Des études sont à mener pour adapter nos modes de fonctionnement, en particulier dans la manière de générer et entretenir les compétences qui exigent des moyens importants, notamment pour les capacités aériennes. Il s’agit d’optimiser les outils et les process d’entretien des compétences. Plusieurs pistes peuvent être évoquées telles que l’augmentation de la part d’entrainement synthétique (simulation), ou le transfert d’une partie de la formation et de l’entrainement actuellement réalisée sur des flottes dont l’activité est onéreuse vers des plateformes moins chères à exploiter, équipées de systèmes virtuels pour préserver la valeur ou la qualité des heures d’entrainement. Ce principe permettrait de préserver la capacité à intervenir dans une phase initiale de haute intensité et, dans un deuxième temps, la capacité à durer, grâce à un réservoir de forces entraîné différemment et à moindre coût.
Un autre axe d’adaptation possible consiste à mutualiser certaines capacités avec nos principaux partenaires. Une première opportunité réside dans la valorisation des synergies avec les partenaires membres de l’Otan, dans une logique de mutualisation avec le recours à des financements communs, dont nous pourrions tirer profit (financement de l’infrastructure de certaines de nos bases par exemple, via le projet « Air Basing »).
Une seconde approche consiste à établir des convergences sur les normes d’emploi, par exemple en développant des structures européennes, étudiées notamment dans le domaine du transport stratégique et du ravitaillement en vol. Ces nouvelles structures, souples, évolutives et à fort potentiel de croissance, permettront d’identifier les sources de mutualisation et d’économie et de favoriser les accords de coopération. Elles permettront in fine le partage d’outils et de structures sur la base d’une participation « à tiroir » (chaque pays pouvant décider des domaines d’application : maintenance, formation, sécurité des vols, préparation de mission…) sans remettre en question les principes de souveraineté (chaque pays conservant le contrôle opérationnel de ses moyens).

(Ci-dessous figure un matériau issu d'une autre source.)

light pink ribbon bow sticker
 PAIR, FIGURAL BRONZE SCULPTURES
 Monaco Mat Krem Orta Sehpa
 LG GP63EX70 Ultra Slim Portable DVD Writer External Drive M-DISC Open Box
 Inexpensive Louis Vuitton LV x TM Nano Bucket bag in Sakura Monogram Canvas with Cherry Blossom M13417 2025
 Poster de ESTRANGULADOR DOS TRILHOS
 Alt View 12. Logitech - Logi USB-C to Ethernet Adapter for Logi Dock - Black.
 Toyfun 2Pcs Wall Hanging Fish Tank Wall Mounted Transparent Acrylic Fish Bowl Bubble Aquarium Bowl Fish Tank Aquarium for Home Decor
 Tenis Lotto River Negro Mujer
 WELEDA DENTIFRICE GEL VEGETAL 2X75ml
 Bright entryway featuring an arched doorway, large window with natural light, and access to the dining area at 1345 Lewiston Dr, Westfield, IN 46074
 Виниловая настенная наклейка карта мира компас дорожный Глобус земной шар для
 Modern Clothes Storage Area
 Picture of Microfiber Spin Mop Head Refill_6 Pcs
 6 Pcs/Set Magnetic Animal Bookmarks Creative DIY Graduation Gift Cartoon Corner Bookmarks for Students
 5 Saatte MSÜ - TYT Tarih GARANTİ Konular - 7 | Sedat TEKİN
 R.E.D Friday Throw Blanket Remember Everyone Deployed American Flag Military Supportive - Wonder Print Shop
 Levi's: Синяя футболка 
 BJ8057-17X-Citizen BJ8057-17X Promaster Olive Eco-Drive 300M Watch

Dans cette logique de gains financiers par le biais d’adaptations capacitaires tout en veillant à minimiser les impacts sur les contrats opérationnels, la valorisation de la réserve opérationnelle est à envisager. Des unités de réservistes pourraient avantageusement compenser des réductions engagées sur des capacités particulièrement soumises à des pics d’activité, par exemple pour armer les structures C2.
D’autres pistes demeurent enfin ouvertes pour rechercher de nouvelles ressources financières extrabudgétaires. De nouvelles cessions de fréquences méritent d’être étudiées, notamment dans le domaine des télémesures. Un axe nouveau consiste également à tenter d’obtenir des financements européens pour les capacités duales concourant à la sécurité européenne. En effet, la recherche et le développement du secteur de l’aéronautique civile et militaire représentent la plus grande part de la base industrielle et technologique de défense (BITD) en Europe et en France, développant 20 technologies parmi les 27 classées critiques. En outre, les retombées apportées par ces technologies vers le secteur industriel sont fréquentes, et bien au-delà du secteur de l’aéronautique. En outre, la R&T étant un vecteur adapté du renforcement de la construction de l’Europe de la Défense, cet axe est porteur de belles perspectives.
Enfin, des améliorations ne devraient pas être écartées en explorant à des coûts maîtrisés de nouveaux concepts qui se démarquent de ceux proposés traditionnellement par nos partenaires américains. L’utilisation de bombes planantes ou de missiles de croisière, associés aux nouvelles capacités ISR (satellites, capteurs électromagnétiques du Rafale SPECTRA), constituent une approche prometteuse dans le domaine de la suppression des défenses aériennes adverses (SEAD). ♦
(1) Une course aux armements chez les émergents.